Exercise brief: What is needed is every line of the data that includes the word "Victoria". Please copy each one.

★ ★ ★ ★ ★ ★ ★

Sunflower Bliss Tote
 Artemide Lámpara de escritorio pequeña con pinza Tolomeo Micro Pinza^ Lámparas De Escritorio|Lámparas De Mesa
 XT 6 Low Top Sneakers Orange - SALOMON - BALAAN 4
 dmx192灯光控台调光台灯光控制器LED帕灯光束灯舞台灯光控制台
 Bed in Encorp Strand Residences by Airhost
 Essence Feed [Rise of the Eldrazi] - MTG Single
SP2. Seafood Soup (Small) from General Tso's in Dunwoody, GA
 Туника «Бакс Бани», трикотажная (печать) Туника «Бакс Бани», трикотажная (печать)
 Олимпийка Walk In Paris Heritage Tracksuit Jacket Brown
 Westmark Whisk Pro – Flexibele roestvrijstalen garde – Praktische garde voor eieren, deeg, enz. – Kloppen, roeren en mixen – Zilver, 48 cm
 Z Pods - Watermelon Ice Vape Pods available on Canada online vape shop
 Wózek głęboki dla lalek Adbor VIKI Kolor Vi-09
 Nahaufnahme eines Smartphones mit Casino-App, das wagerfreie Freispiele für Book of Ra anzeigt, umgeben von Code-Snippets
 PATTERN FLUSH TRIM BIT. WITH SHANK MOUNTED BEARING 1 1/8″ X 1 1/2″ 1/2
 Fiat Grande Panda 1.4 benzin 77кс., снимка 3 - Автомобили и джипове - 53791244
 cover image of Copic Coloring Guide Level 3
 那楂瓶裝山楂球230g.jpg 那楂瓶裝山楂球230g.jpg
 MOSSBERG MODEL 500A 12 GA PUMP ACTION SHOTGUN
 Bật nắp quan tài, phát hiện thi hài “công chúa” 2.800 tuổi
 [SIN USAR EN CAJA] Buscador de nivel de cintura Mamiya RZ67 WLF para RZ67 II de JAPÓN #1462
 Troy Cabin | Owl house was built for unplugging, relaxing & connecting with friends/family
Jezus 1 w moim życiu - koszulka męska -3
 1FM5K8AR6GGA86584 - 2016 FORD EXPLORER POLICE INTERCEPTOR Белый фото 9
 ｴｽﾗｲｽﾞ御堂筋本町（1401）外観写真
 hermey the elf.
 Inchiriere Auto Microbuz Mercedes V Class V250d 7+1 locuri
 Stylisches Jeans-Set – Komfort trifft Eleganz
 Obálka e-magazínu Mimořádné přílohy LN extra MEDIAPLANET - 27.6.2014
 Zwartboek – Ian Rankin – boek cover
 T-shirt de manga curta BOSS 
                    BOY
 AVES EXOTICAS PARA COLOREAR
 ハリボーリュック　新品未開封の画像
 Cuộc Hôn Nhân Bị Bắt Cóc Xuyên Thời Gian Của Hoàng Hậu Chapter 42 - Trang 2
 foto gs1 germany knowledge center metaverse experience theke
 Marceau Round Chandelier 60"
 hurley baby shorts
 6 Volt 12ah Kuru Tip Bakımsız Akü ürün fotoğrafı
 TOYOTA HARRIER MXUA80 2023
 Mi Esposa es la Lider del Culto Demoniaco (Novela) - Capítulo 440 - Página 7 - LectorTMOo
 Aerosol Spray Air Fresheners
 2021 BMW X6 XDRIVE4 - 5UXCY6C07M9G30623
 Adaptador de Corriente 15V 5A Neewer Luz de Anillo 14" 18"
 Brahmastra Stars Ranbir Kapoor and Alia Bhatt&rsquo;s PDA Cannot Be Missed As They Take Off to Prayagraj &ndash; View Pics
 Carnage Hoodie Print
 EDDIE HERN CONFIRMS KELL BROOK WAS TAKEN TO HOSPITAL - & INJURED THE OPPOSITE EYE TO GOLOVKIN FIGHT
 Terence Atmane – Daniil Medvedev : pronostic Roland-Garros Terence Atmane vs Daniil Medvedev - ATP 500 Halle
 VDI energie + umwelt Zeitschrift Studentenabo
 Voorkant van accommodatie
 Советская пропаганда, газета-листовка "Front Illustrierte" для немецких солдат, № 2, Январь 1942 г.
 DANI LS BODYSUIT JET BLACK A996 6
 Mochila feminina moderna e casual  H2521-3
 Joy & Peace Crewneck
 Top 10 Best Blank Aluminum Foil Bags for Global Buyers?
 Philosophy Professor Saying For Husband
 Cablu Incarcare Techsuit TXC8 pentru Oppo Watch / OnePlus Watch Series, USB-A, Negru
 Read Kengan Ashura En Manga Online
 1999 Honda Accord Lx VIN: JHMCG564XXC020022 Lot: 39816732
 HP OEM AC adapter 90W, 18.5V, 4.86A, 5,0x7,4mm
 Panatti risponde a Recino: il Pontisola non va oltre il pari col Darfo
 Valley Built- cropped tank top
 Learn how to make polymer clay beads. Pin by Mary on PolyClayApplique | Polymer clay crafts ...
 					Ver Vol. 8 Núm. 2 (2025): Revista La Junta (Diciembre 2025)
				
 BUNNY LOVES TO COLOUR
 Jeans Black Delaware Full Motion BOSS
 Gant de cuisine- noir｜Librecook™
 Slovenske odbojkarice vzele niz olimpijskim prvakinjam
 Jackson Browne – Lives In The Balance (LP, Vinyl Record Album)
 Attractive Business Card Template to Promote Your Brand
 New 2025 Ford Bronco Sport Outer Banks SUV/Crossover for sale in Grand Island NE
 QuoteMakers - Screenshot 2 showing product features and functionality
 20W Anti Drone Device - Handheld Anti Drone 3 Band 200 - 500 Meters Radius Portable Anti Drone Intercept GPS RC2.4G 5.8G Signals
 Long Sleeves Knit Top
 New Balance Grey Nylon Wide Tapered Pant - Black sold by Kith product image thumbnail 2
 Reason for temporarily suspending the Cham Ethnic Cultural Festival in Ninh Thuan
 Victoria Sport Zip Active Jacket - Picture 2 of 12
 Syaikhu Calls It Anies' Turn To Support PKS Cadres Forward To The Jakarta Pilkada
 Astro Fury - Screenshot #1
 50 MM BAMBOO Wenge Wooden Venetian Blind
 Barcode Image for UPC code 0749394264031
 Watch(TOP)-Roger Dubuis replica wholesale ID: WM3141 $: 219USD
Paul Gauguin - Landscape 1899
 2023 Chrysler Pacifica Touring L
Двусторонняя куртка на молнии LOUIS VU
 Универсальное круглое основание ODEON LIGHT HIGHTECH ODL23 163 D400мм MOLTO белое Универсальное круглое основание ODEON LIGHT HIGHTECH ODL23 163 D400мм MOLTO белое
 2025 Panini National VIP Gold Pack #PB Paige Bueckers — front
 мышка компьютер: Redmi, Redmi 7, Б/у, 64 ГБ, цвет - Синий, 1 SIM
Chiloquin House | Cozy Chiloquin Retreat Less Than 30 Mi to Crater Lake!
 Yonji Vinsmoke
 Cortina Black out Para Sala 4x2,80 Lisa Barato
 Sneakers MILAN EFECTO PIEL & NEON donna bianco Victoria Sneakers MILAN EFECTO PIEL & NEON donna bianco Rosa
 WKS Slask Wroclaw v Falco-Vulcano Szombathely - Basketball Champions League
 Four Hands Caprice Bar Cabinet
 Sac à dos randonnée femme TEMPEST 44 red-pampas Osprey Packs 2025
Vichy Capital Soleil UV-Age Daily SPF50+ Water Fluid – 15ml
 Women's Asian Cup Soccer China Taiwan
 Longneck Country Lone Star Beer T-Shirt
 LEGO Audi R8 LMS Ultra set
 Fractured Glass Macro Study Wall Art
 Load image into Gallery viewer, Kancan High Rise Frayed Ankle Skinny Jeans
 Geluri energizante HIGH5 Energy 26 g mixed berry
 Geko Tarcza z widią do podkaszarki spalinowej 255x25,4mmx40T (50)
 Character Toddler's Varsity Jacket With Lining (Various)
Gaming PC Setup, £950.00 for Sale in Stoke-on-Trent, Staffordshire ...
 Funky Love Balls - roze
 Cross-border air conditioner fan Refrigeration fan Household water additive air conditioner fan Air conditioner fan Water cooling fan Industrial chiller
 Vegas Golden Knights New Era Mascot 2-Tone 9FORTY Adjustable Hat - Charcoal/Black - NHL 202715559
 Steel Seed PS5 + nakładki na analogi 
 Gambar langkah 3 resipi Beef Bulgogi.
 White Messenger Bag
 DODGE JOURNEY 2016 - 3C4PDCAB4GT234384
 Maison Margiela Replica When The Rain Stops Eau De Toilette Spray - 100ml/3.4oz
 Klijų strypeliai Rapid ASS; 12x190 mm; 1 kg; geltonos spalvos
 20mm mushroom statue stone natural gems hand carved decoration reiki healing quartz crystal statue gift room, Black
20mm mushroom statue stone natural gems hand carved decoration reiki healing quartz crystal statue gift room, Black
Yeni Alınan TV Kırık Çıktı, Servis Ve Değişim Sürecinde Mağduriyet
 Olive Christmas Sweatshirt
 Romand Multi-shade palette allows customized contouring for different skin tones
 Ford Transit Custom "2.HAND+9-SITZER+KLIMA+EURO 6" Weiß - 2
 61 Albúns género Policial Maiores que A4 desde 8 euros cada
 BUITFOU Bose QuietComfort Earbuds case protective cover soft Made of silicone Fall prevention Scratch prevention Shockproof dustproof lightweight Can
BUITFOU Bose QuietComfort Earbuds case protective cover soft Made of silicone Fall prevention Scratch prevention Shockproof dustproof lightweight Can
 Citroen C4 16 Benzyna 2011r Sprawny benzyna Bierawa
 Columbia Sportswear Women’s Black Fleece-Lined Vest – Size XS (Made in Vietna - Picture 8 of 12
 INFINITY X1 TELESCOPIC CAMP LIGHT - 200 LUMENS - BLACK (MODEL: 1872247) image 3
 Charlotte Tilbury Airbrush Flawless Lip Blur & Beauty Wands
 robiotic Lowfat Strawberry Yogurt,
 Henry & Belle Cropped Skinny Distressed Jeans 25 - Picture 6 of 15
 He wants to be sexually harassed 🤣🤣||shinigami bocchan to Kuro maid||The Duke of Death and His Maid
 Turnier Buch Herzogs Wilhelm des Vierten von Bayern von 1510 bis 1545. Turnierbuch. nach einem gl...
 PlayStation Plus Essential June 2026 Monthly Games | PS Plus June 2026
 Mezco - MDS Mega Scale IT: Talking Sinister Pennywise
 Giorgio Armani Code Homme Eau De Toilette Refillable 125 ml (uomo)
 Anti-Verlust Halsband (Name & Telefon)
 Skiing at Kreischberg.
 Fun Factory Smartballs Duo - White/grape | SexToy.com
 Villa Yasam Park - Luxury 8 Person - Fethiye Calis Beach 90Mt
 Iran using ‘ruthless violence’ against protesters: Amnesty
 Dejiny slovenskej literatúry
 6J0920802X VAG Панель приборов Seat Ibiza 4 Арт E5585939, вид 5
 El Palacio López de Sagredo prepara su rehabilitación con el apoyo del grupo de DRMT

★ ★ ★ ★ ★ ★ ★

Exercise output:
 Victoria Sport Zip Active Jacket - Picture 2 of 12
 Sneakers MILAN EFECTO PIEL & NEON donna bianco Victoria Sneakers MILAN EFECTO PIEL & NEON donna bianco Rosa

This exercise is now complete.